Below is a breakdown of the 2009 version of the first-time buyer tax credit. As always, consult with your tax advisor, certified public accountant or financial planner for details on your specific tax situation.

What are the differences between the 2008 tax credit and 2009 version? Not only does the 2009 version of the tax credit bump up the credit amount from $7,500 to $8,000, but, more importantly, the 2009 version does not have to be repaid. Under the rules of the 2008 credit, a first-time buyer must pay back the tax credit in increments of $500 spread over 15 years (basically an interest-free loan), whereas the new 2009 tax credit is exactly that: a true credit. Also, as a side note, you must claim the $8,000 tax credit on your 2009 taxes. If you claim the tax credit on your 2008 taxes, you’ll be stuck with the $7,500 credit and you’ll have to pay it back.

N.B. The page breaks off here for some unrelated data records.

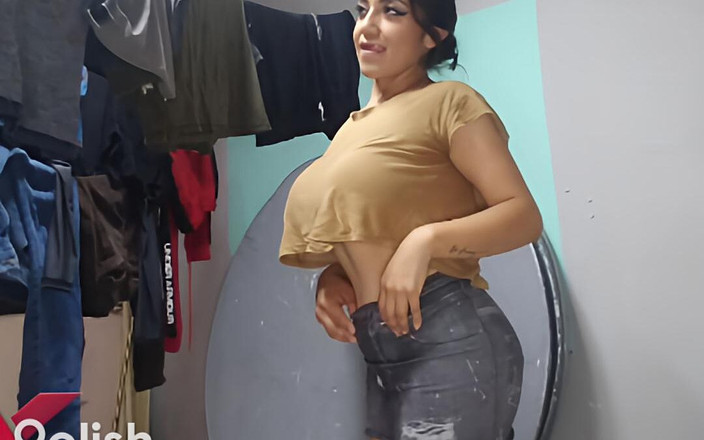 Logan Alba: 私は本物の変態の義理の姪です、今ろくでなしは私にアナルセックスを求めました!私は寛容でした、なぜならそれは私に収入を与えるからです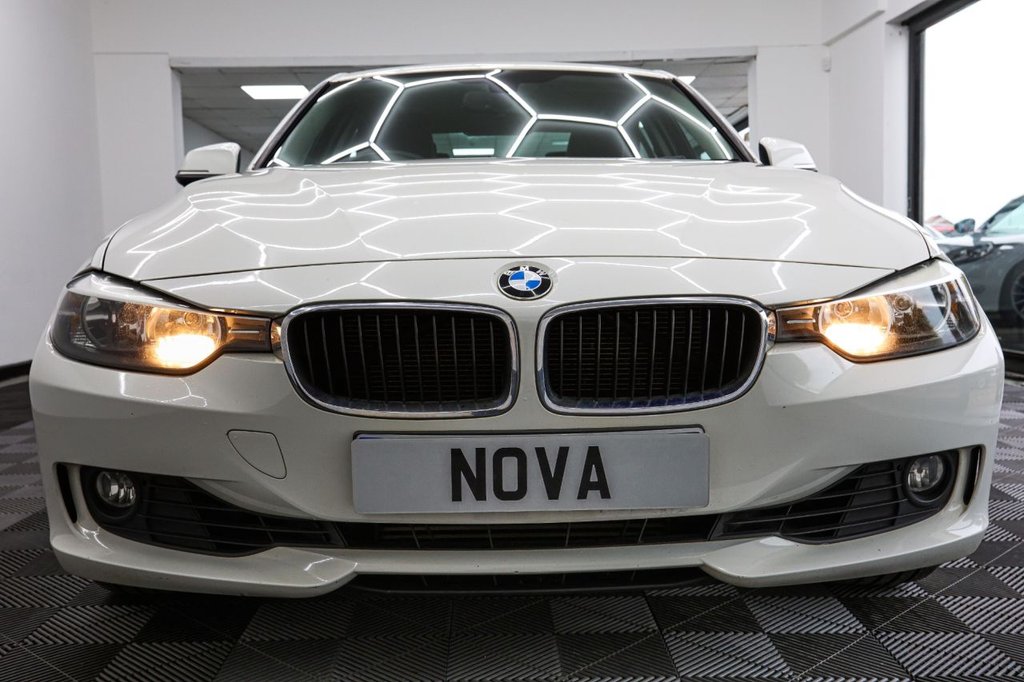Used BMW 3 Series 2014 for sale - 76783599: Photo 8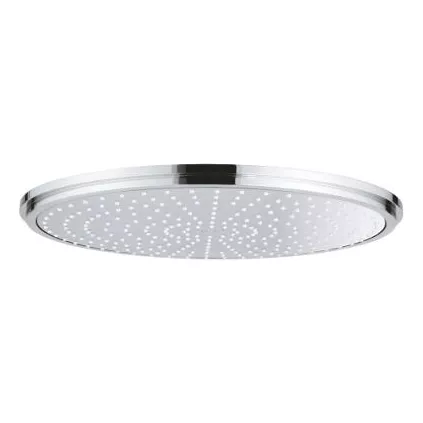 Pomme Haute Encastrable Rainshower Jumbo 28778045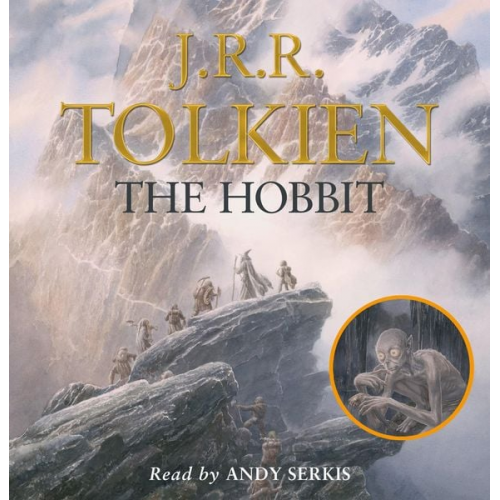 J. R. R. Tolkien - The Hobbit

Who is eligible for the 2009 tax credit? The eligibility requirements for the 2009 tax credit are basically the same as for the 2008 tax credit. For the purposes of the tax credit, the IRS defines a “first-time” buyer as a buyer who as never owned a home or who hasn’t owned (or co-owned) a home during the three years prior to the date of closing. In terms of income eligibility, a buyer’s adjusted gross income must be less than $75,000 for single taxpayers or less than $150,000 for couples filing jointly. Also, if you already claimed the 2008 tax credit, you’re not eligible for the 2009 tax credit.

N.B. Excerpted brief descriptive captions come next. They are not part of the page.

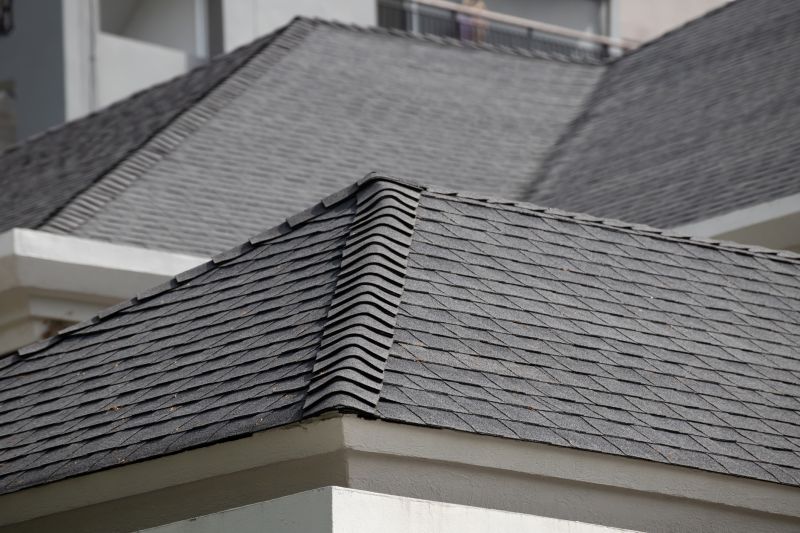 Roof Construction in Highland, MD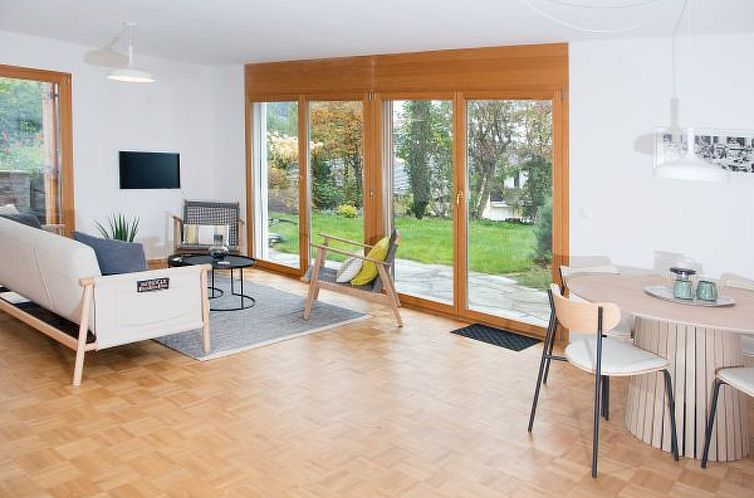 Appartement Familienunterkunft Furnerschhus Churwalden für 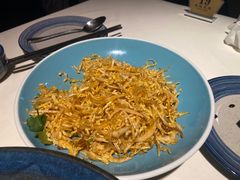 -八府香鸭·啫啫煲(华山路店)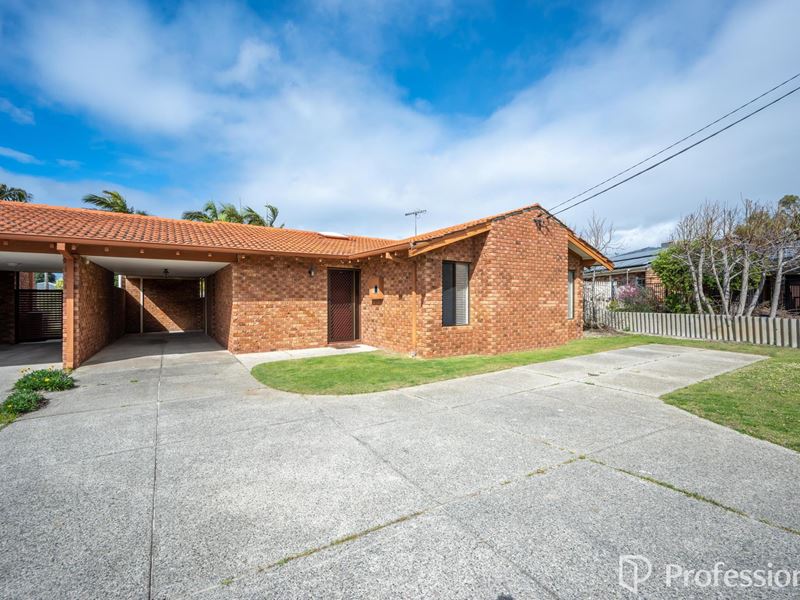 8A Bowen Place, Willetton WA 6155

What are the limitations on the tax credit? There are three major limitations on the tax credit. First, you must close on your home between January 1, 2009 and December 1, 2009 (note that the date is December 1, not December 31). Second, your new home must be your principle residence. However, the IRS’s definition of “principle residence” is fairly broad. Houseboats, mobile homes, cooperative apartments and condominiums are eligible. Third, your new home must be your principle residence for three years following the date of purchase. If you sell your home within three years of your closing date, you’ll have to pay the credit back.

According to the National Association of Realtors, over 300,000 buyers will take advantage of the first-time buyer tax credit in 2009.